Japan’s Prime Minister Shinzo Abe gestures as he speaks during a press conference at his official residence in Tokyo on September 25, 2017. Abe called a snap election, hoping to capitalise on rising support as tensions with nearby North Korea reach fever pitch. Toru YAMANAKA / AFP
FILE PHOTO Japanese Prime Minister, Shinzo Abe                                                          Credit: AFP

 

A Japanese lawmaker has come under fire after saying women should have several children or risk becoming a burden on the state.

Kanji Kato, a 72-year-old MP in Prime Minister Shizo Abe’s ruling Liberal Democratic Party (LDP), said newlyweds should raise at least three children.

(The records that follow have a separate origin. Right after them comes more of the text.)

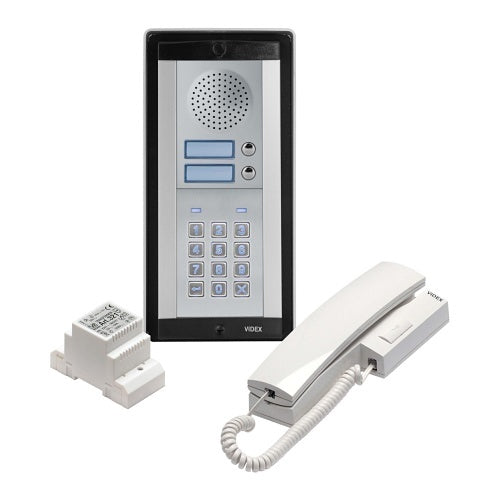 Videx 8K-2S/CL intercom system kit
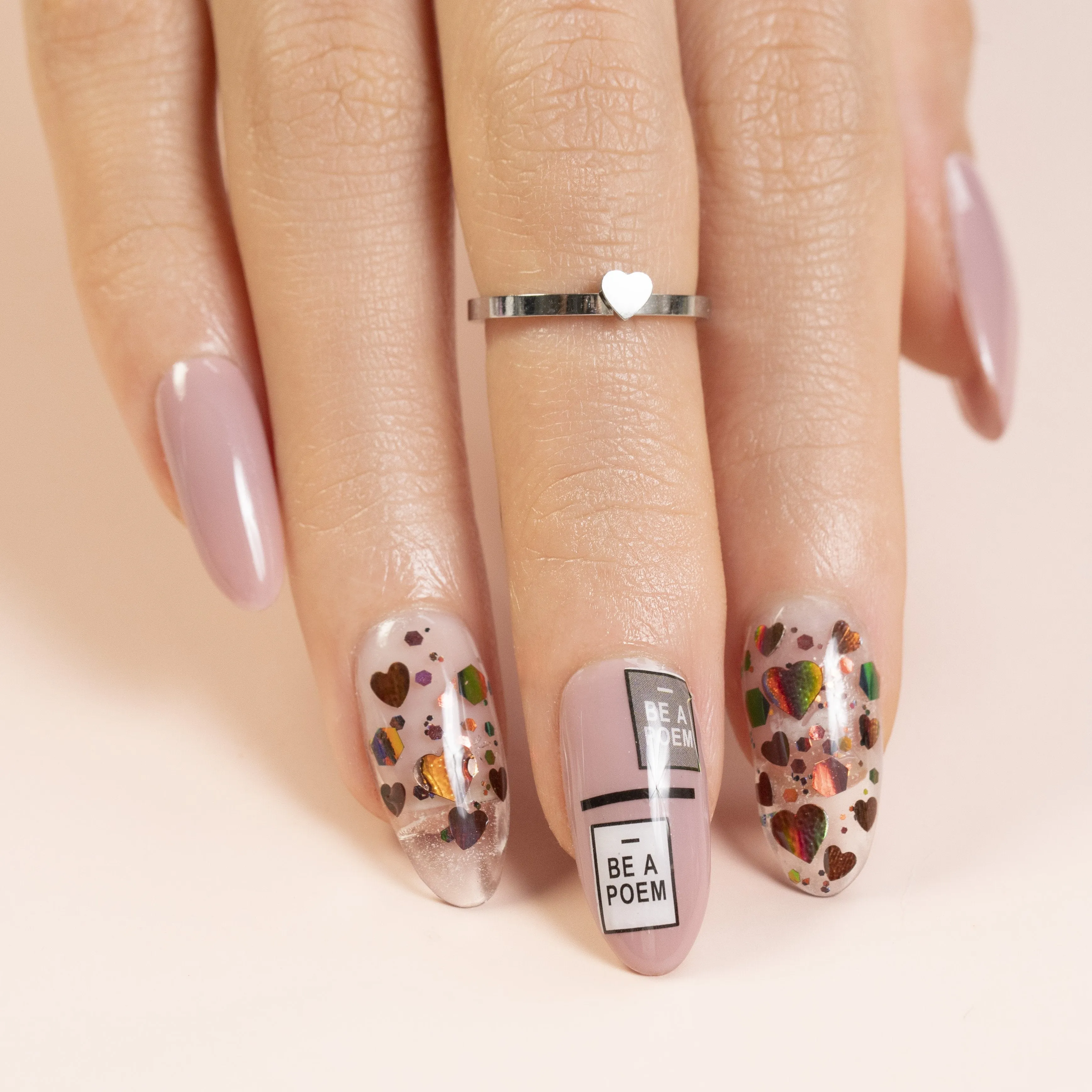 LDS Holographic Chunky Glitter Nail Art  - DCG03 0.5oz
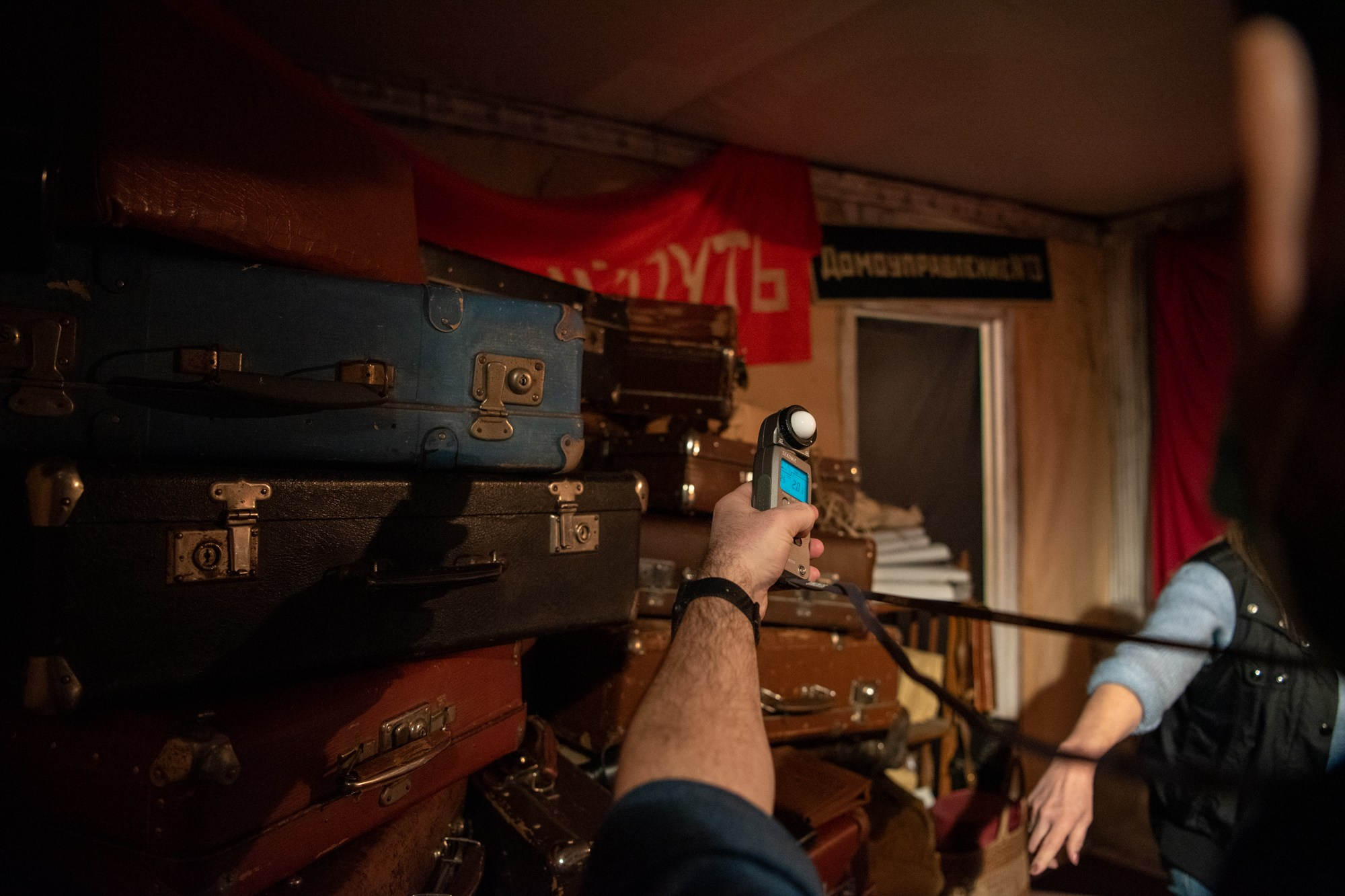 Съемка фильма в Киношколе «Лестница». Фотограф в Москве Виктория Назаренко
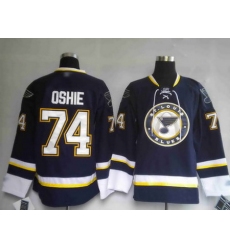 St. Louis Blues 74 OSHIE Third Jersey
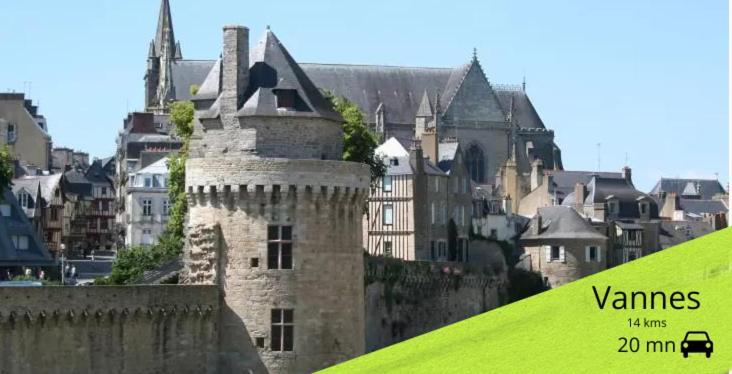 Appartement Ty Gavrinis - T2- Centre Bourg - 100m De La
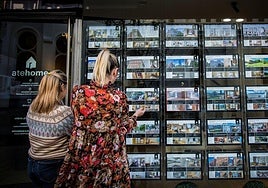 La gran demanda de vivienda ha impulsado la firma de hipotecas en Euskadi.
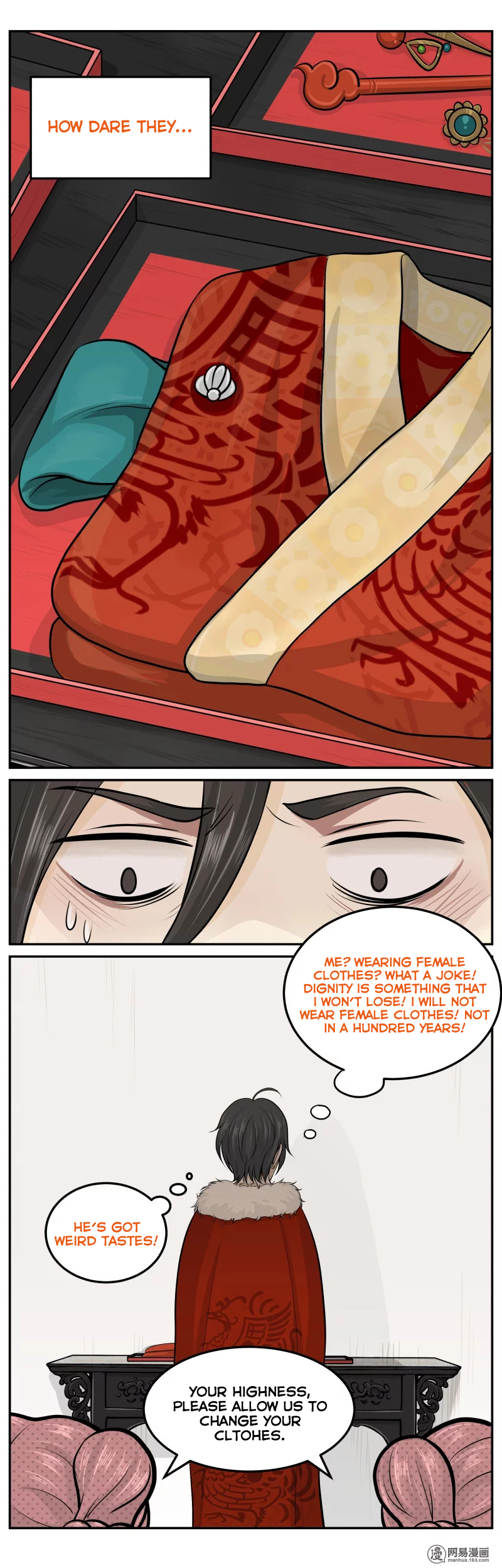 Don't Touch Me You Gay Emperor! Ch. 6 第6页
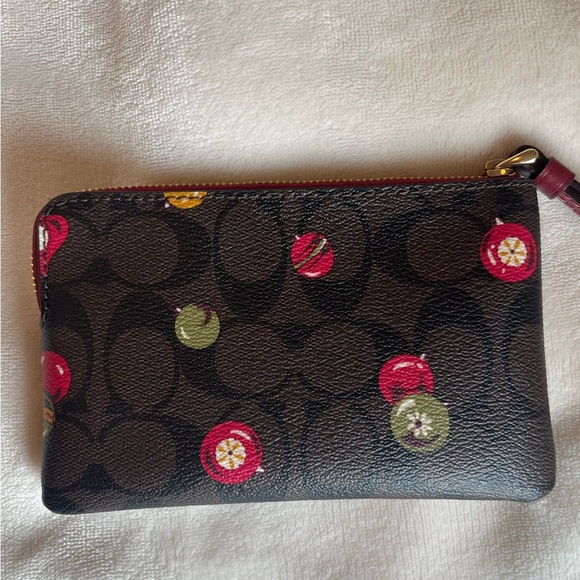 Coach Holiday Wristlet - Picture 3 of 5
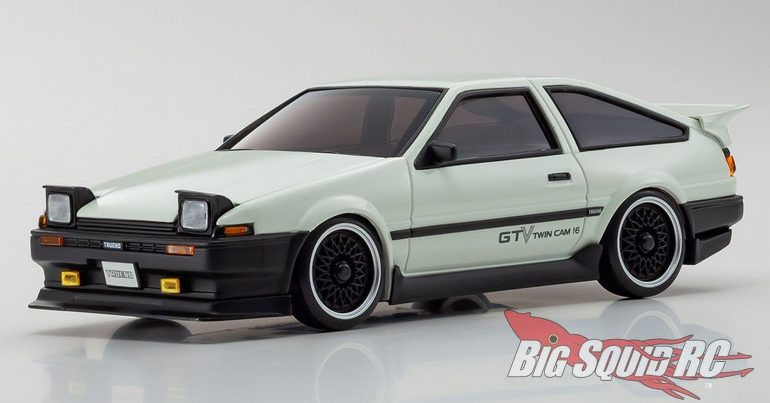 Initial D Project D TOYOTA SPRINTER TRUENO AE86 Project D RC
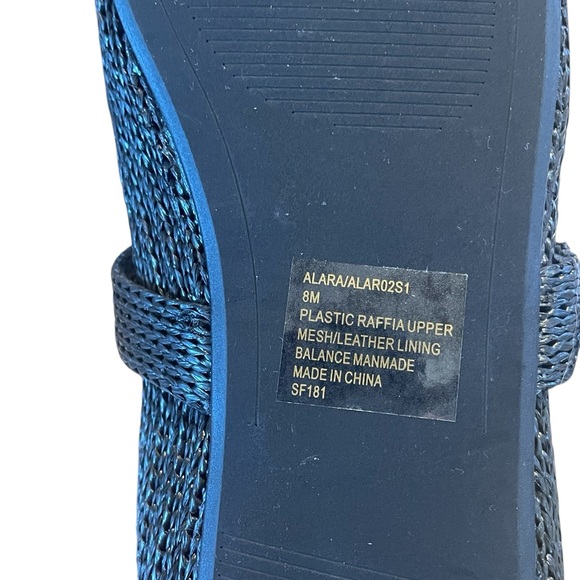 Steve Madden Alara raffia Mary Jane’s, Size 8, NWOT - Picture 8 of 8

The minister in charge of women’s empowerment on Saturday lashed out at his remarks.

“It was a terrible gaffe,” Seiko Noda, who is also internal affairs minister and a senior member of the LDP, said in a speech, according to local media.

Giving birth was different to making products, she said, adding: “The number of children won’t increase by just making such remarks.”

Earlier this week Kato reportedly told a group of LDP members: “I ask bridal couples to bear and raise more than three children for sure.”

Kato also said he often told young women that if they do not get married and have no offspring, they will end up in a care home run with the taxes of other people’s children.

Kato later retracted his remarks.

Rapidly-greying Japan has one of the world’s lowest birth rates and authorities are trying out several policies to encourage people to have more children.

Last year about 941,000 children were born in Japan, the lowest since the national survey started in 1899.

In 2003, former prime minister Yoshiro Mori drew fire for suggesting childless women should be denied welfare payments in old age.

Mori said: “Women who have not had a single child get old after their wonderful free life and then ask for public money (in welfare). That doesn’t make sense at all.”

In 2007, then-health minister Hakuo Yanagisawa infamously referred to women as “child-bearing machines”.